The problem: Copy the records below exactly, starting at the line that contains "antboat Bambole Reborn" and ending at the line that contains "NIGHT MOVES VELVET WIDE LEG TROUSER"; leave out any pictures.

Source data:

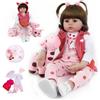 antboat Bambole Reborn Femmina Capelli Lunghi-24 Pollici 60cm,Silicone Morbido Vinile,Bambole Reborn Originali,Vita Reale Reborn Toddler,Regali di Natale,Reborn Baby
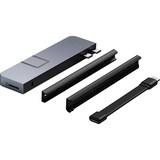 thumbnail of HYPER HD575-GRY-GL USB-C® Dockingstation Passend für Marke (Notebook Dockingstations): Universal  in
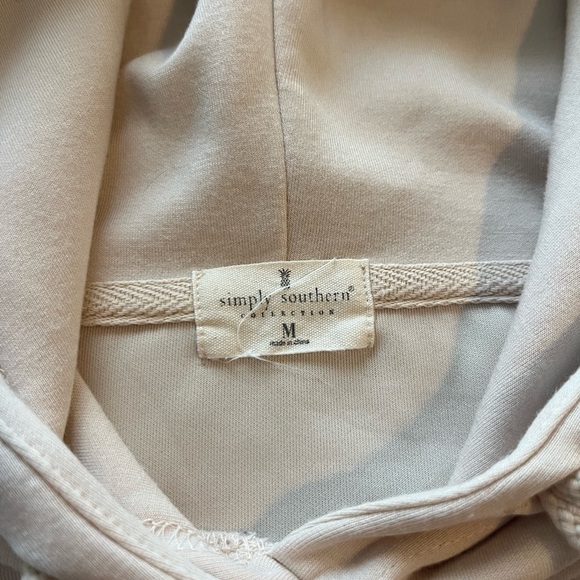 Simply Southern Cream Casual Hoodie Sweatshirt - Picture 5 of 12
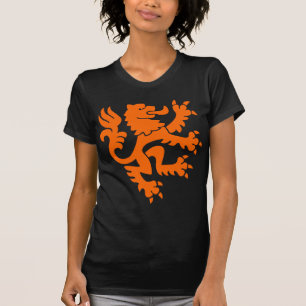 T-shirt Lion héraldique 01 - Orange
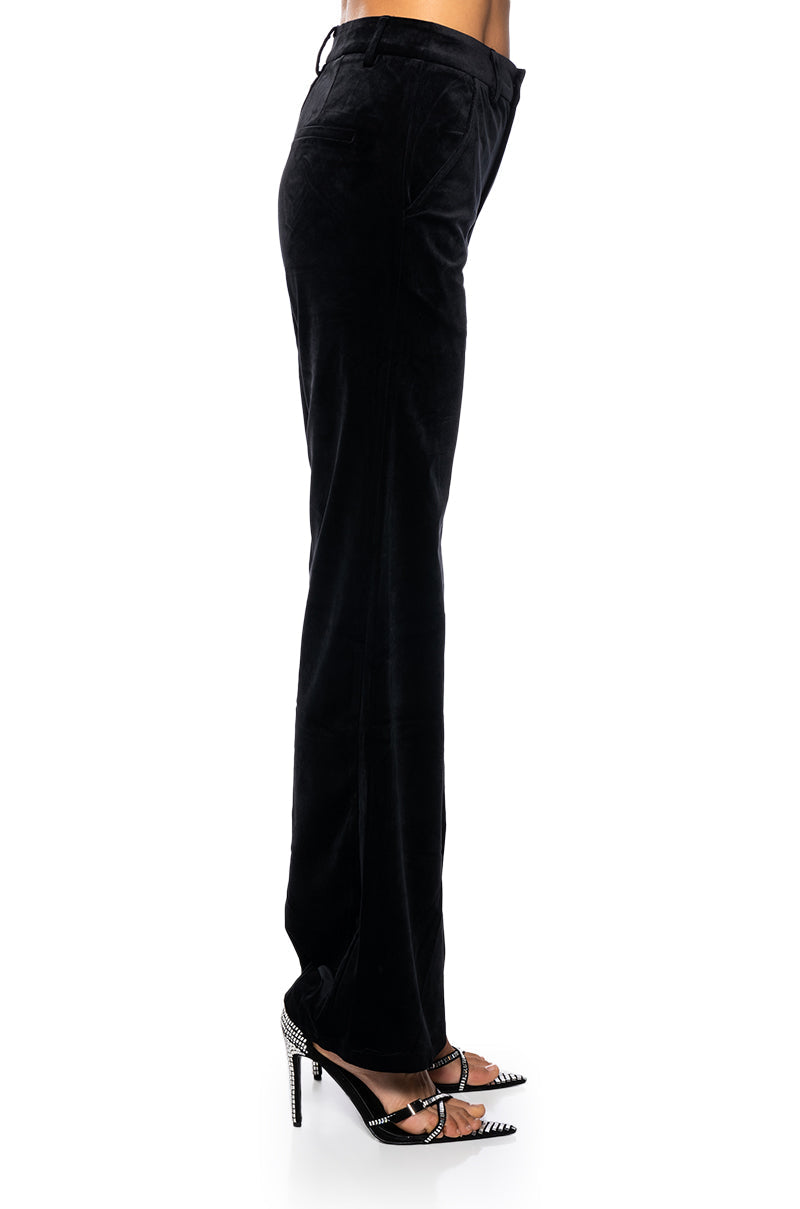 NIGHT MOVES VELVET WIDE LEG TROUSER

==

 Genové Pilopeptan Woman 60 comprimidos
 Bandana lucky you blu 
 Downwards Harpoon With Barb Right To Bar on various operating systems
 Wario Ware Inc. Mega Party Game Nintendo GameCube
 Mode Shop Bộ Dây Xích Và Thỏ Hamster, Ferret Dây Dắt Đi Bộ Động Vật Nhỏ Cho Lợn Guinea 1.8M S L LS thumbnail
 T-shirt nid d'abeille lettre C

...

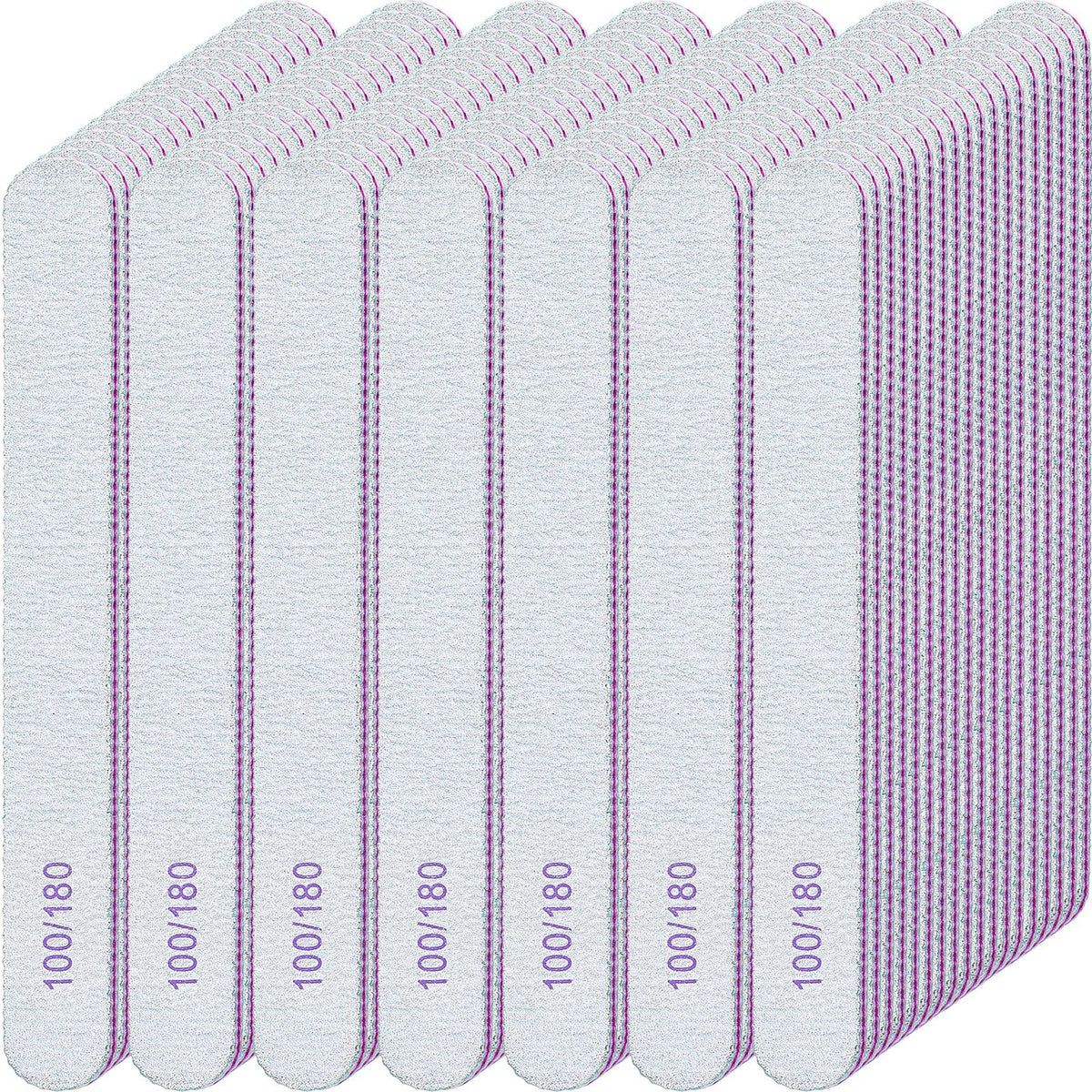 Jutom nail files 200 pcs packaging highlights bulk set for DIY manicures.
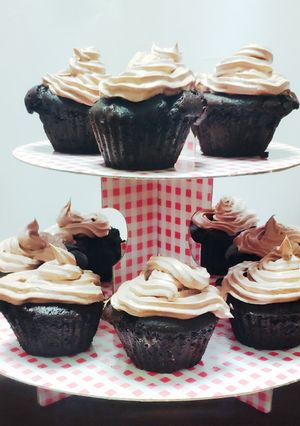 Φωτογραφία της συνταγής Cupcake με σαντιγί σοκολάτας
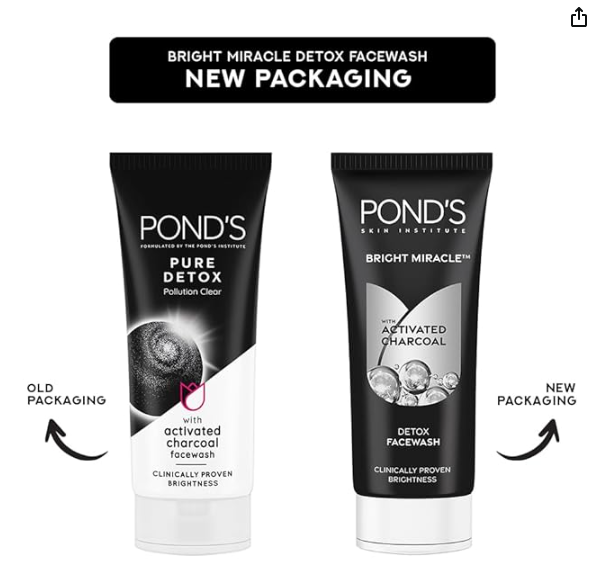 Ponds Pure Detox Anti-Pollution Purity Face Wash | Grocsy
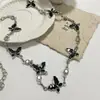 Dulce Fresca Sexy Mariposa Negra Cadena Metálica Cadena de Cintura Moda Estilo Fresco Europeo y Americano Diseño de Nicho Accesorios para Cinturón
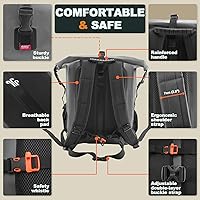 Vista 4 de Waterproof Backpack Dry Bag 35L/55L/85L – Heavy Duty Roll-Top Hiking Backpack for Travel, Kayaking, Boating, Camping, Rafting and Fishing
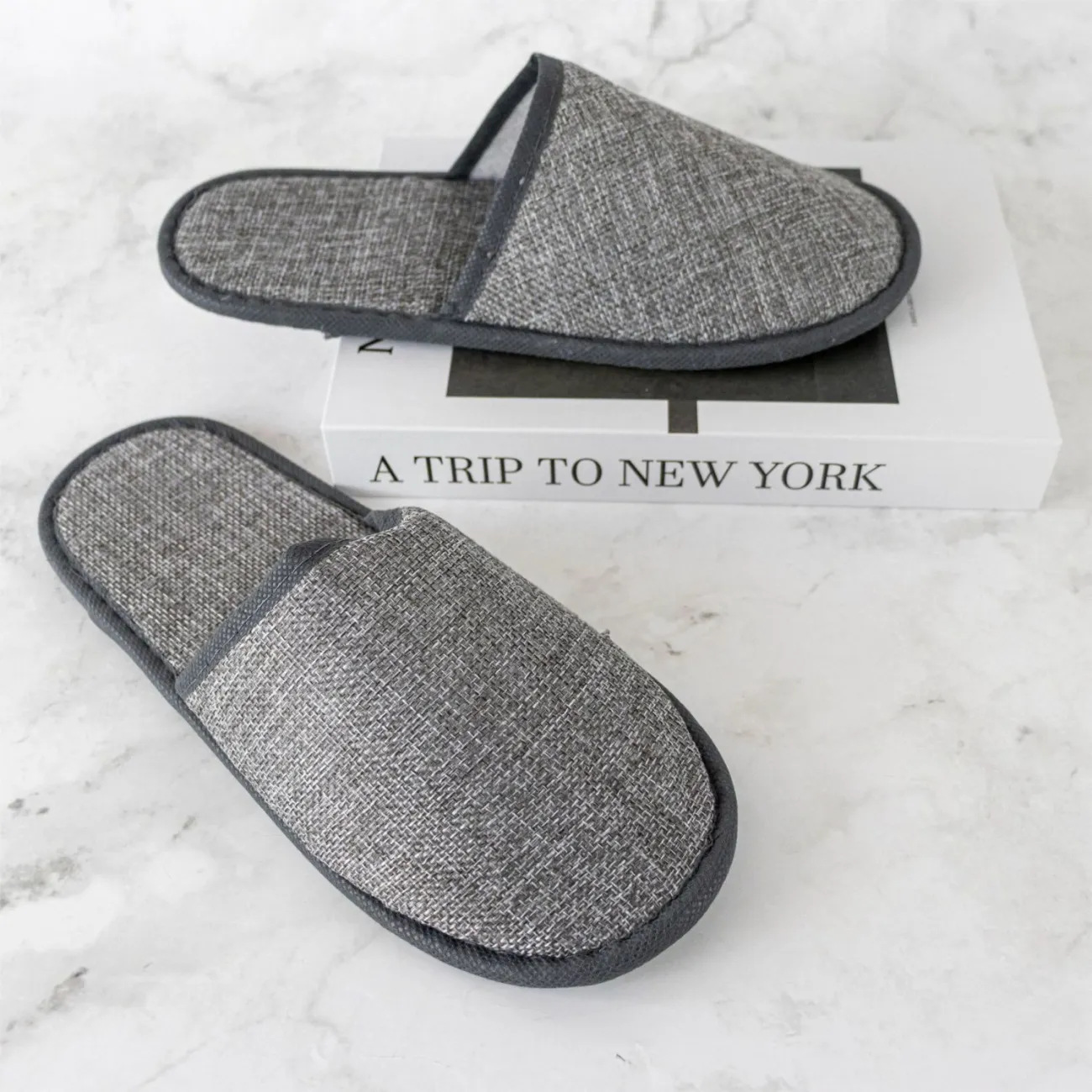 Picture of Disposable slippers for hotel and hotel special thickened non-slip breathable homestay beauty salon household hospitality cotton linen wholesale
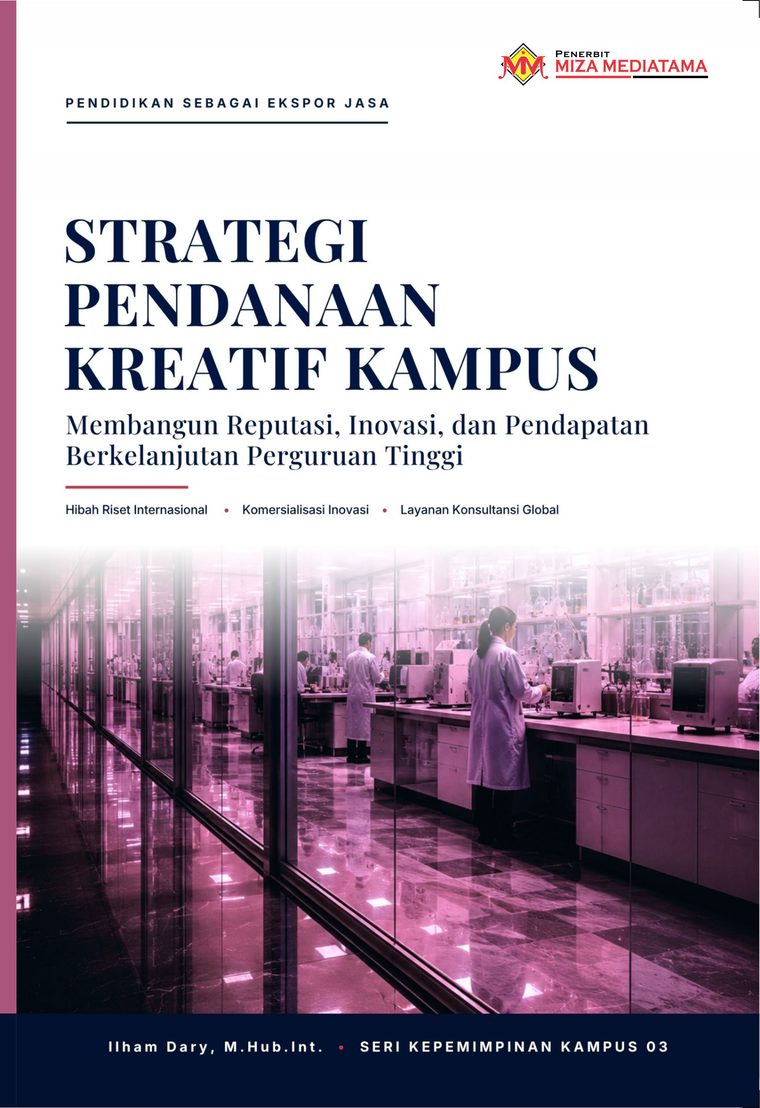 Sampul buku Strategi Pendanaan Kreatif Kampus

Result:
 antboat Bambole Reborn Femmina Capelli Lunghi-24 Pollici 60cm,Silicone Morbido Vinile,Bambole Reborn Originali,Vita Reale Reborn Toddler,Regali di Natale,Reborn Baby
 thumbnail of HYPER HD575-GRY-GL USB-C® Dockingstation Passend für Marke (Notebook Dockingstations): Universal  in
 Simply Southern Cream Casual Hoodie Sweatshirt - Picture 5 of 12
 T-shirt Lion héraldique 01 - Orange
 NIGHT MOVES VELVET WIDE LEG TROUSER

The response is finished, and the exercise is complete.